The Stringed Instrument Emotive Face Tripod, courtesy of the Allen Stone Electric Ensemble in Melbourne, Victoria, Australia.
Australian crowds are always awesome, and last night was no exception. Looking out onto a packed club in a country a VERY long way away from the nearest Waffle House never gets old.
But it was a wedge gig, and we are, in satisfying rock and/or roll fashion, terrifyingly loud on stage, so not only am I jet lagged and under-caffeinated at the time of writing, but also shell shocked, having been bludgeoned for the better part of two hours by cymbal crashes, synthesizer bleep-bloops, and a buzzsaw overdrive tone that would’ve made Lemmy from Motörhead proud. It’s taken a concerning amount of time to write 111 words, and I recognize an all-day-underpants-day when I see one.
At any rate, the point of today’s MoaT - check out our opener for this run, Louis Baker. A soul artist from Wellington, New Zealand, one of my new favorite singers, and a sweet heart of a human. Inspiring stuff.
I am, as they say here in Australia, “up at sparrows,” swimming in jet lag but happy as a clam, strolling along the streets of Melbourne near our hotel, early enough that go-getter types are jogging and yoga-ing and drinking soy-based caffeine-y things, and late enough that boozy, skinny-jean enthusiasts are staggering home. It’s sunny and lovely and we’re going to play soul music in front of a thousand or so people tonight.
Survival tip for touring musicians: if you want to do this for a living, sleep is like water. No amount of whiskey-soaked buffoonery’s worth waking up in a foreign country with a nuclear cold. Melbourne’s a fantastic city, but my days of staying out until the wee hours and tying one on are, for the most part, behind me, as is going full-Bourdain. I’m all about a morning constitutional, strong cup of coffee, a few pictures, then power nap and show mode time. I just saw how much they’re charging for tickets, and good lord do I ever owe it to the fans to play my ass off.
I’m sitting across the aisle from the president of a reputable music program at a major university.

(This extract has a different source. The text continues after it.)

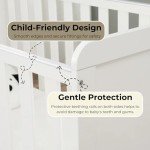 Babymore Caro Urban Mini Convertible Cot Bed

We’ve met a few times, and such is the theater of air travel that we pretend not to recognize each and it’s totally fine.
I’ve just confirmed that I do, in fact, have a middle seat from LAX to Melbourne, in a row with a bassinet, which means 15 hours of potential close proximity baby crying and my channeling every ounce of musterable energy towards infinite patience. And, judging by the way he’s knocking back Jack and Diets, I’d wager a “how’s the weather” conversation with an acquaintance in a muppet t-shirt isn’t high on Señor Presidente’s list.
So, we sit, staring straight ahead in seasoned traveler bliss, I, with fashion sense severely limiting my number of potential romantic partners, and him, with inspiring, go get ‘em spirit, embracing the opportunity to drink like it’s the end of the world.
To my fellows travelers out there, be well, stay safe, and give your liver a break.
I’m writing this on my comfortable couch in my comfortable little house, about to be en route to the least comfortable place on earth - the Los Angeles International Airport.
In fact, when this hits your inboxes, I’ll still be at the Los Angeles International Airport, rocking back and forth in some dusty corner of the Tom Bradley International Terminal, deep in existential crisis.
My utter disgust towards the Los Angeles International Airport’s ameliorated somewhat by knowing I’m about to eat my body weight in Vegemite and Tim Tams, and if the port of exit to happy, dancing music fans in a different freaking hemisphere’s your lone source of acridity, well, you’re holding some damn fine cards, you cantankerous mooncalf.
Oh, and here’s a link to the new Climb The Sky video, an acoustic(ish) live performance of “Neverland” from Gid and Gabe’s studio.
As bands get bigger, things become, if not more complicated, certainly just, well, more. More cooks in the kitchen, more inflated egos, more contractually obligated distractions. And, thankfully, more travel, more zany friends, and more opportunities to distance one’s self from a career in the actuarial sciences.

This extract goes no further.